[Record set Boundary: Start]

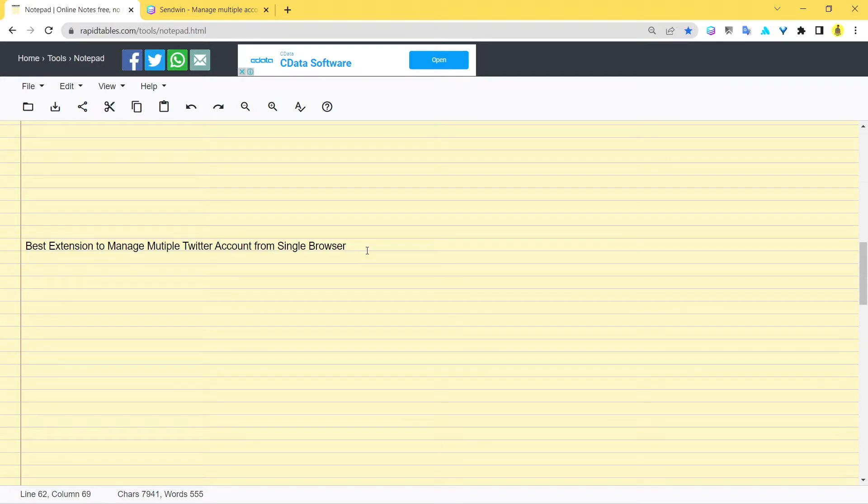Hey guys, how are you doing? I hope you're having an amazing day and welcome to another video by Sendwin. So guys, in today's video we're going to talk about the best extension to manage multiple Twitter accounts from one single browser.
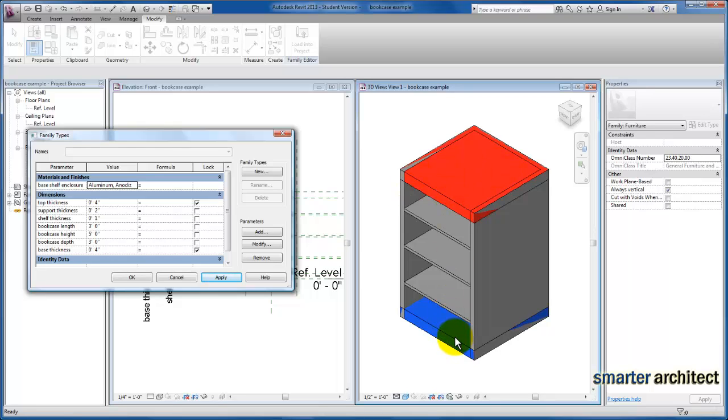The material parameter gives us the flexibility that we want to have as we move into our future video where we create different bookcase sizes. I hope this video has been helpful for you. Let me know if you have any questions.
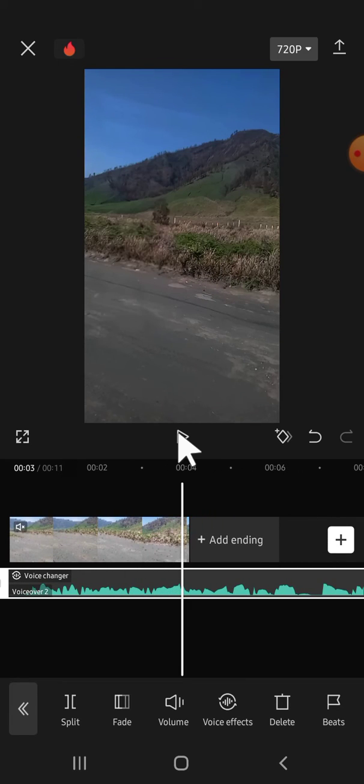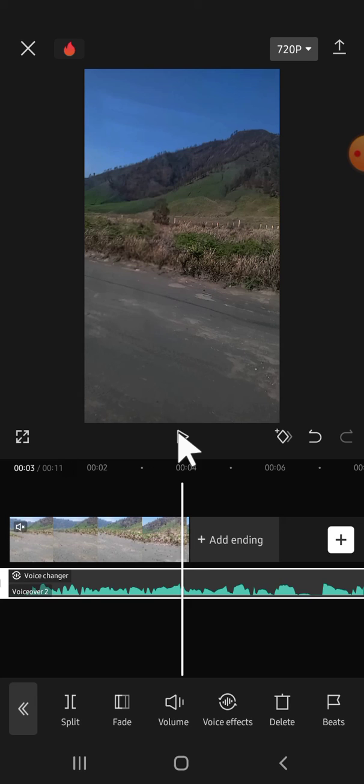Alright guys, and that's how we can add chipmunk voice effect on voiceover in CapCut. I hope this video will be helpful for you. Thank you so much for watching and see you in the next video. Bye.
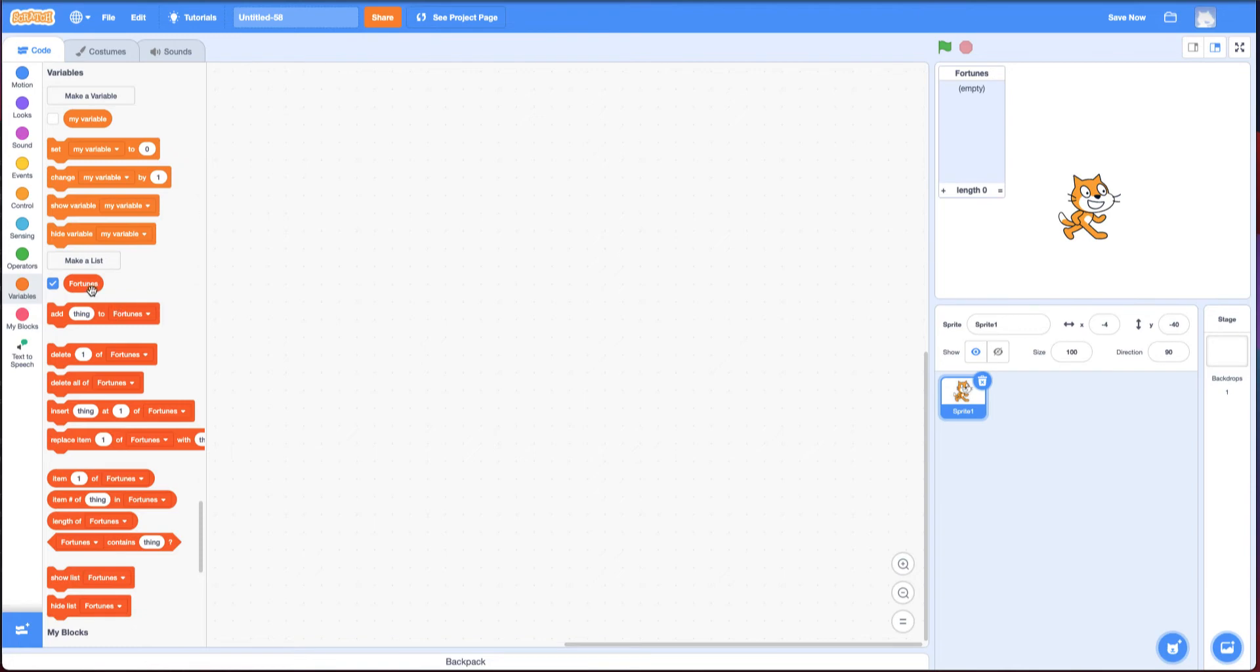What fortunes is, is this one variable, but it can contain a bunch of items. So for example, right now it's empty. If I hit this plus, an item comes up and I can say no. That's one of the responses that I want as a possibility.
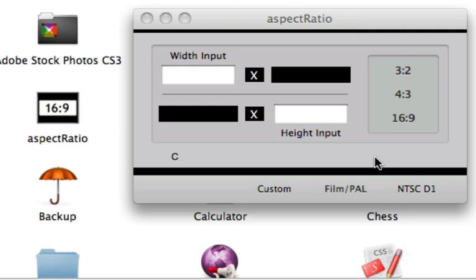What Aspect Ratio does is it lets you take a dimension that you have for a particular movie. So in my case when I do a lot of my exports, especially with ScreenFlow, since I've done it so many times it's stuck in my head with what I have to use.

[Record set Boundary: End]
[Record set Boundary: Start]

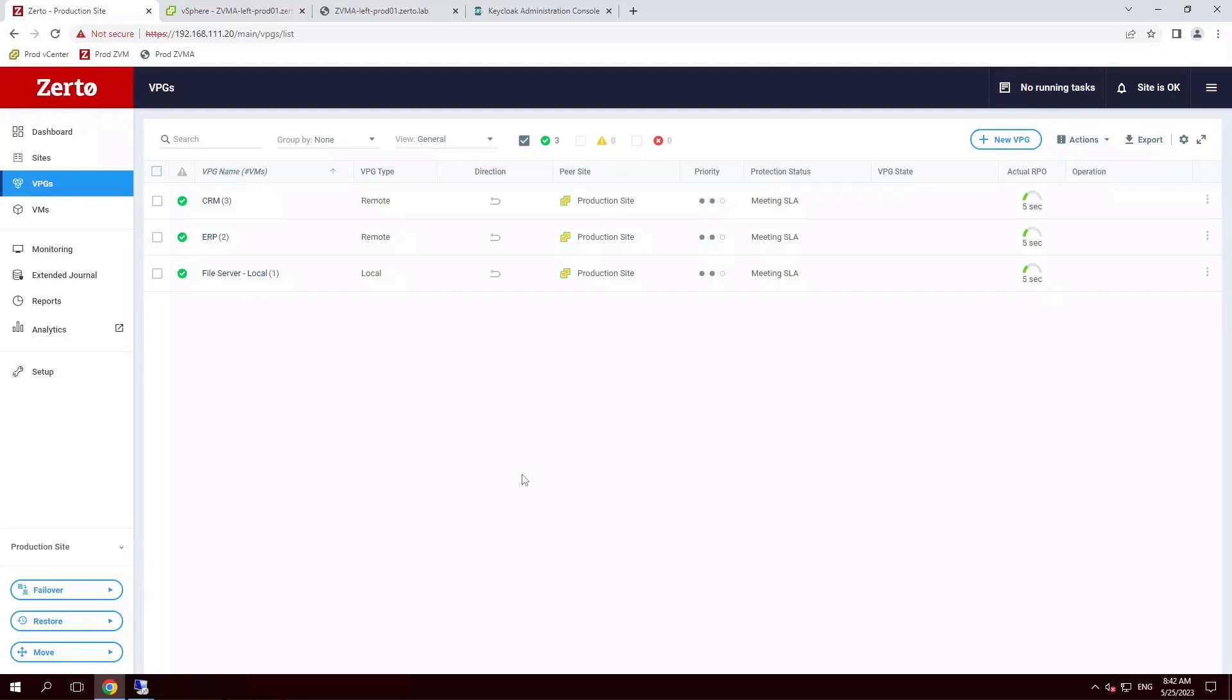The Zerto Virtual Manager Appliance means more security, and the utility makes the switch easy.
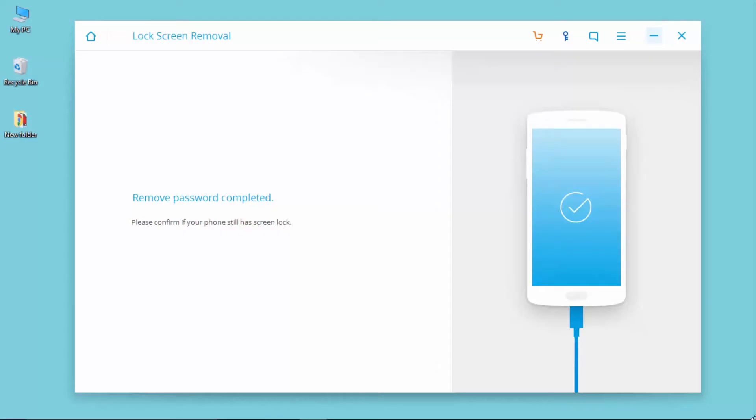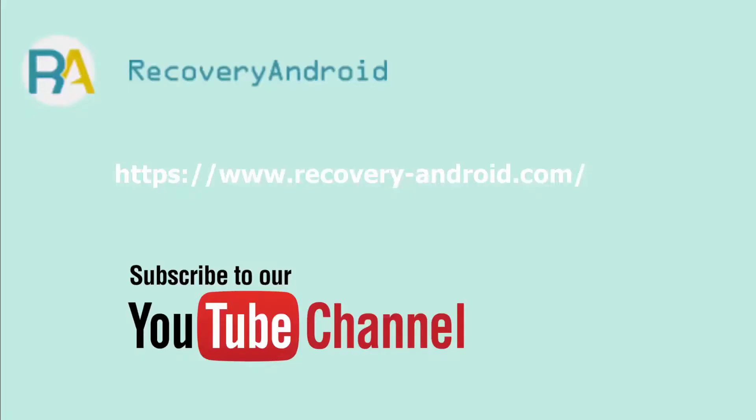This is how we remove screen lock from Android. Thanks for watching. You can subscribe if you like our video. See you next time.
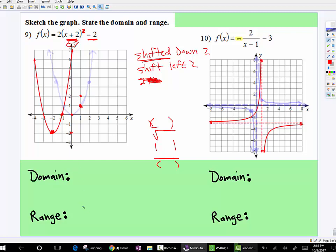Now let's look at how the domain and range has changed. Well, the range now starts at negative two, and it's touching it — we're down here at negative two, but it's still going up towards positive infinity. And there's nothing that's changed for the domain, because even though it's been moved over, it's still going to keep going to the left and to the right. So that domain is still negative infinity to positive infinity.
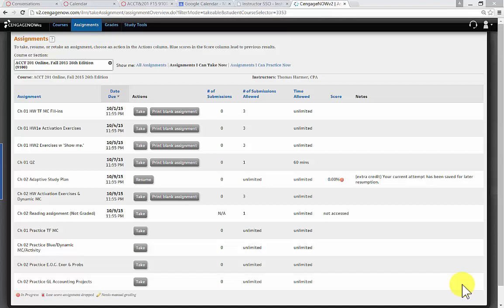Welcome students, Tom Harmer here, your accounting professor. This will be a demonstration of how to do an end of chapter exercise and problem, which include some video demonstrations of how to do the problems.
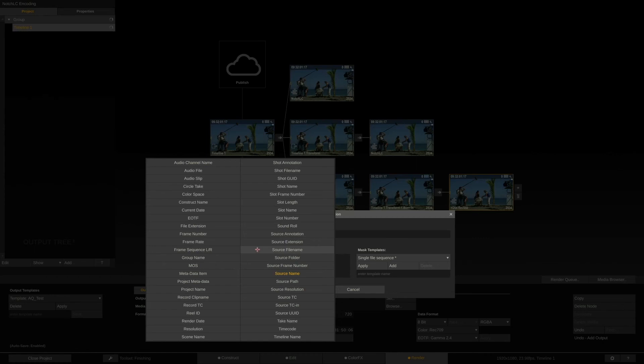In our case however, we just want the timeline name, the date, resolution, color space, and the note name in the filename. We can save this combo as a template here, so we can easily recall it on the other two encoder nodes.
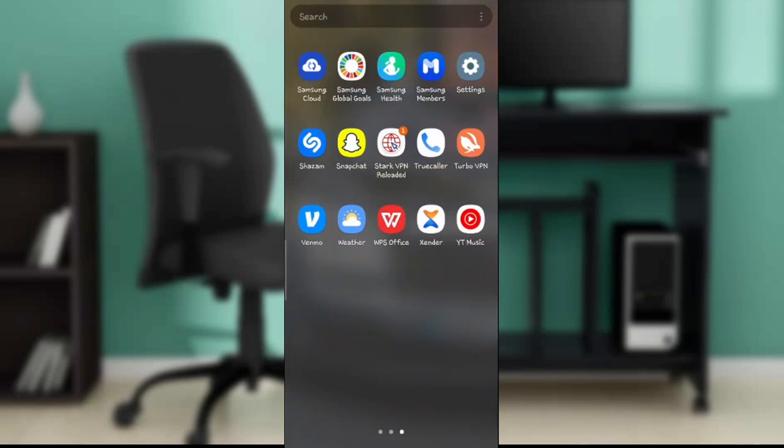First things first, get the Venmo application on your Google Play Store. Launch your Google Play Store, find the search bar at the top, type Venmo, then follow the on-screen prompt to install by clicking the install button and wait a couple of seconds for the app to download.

[Record set Boundary: End]

* What you are asked to do: In the listing above, find the line with "What fortunes is, is" and output it and every line after it up to and including the line with "What Aspect Ratio", exactly, minus the pictures.

* Task answer:
What fortunes is, is this one variable, but it can contain a bunch of items. So for example, right now it's empty. If I hit this plus, an item comes up and I can say no. That's one of the responses that I want as a possibility.
What Aspect Ratio does is it lets you take a dimension that you have for a particular movie. So in my case when I do a lot of my exports, especially with ScreenFlow, since I've done it so many times it's stuck in my head with what I have to use.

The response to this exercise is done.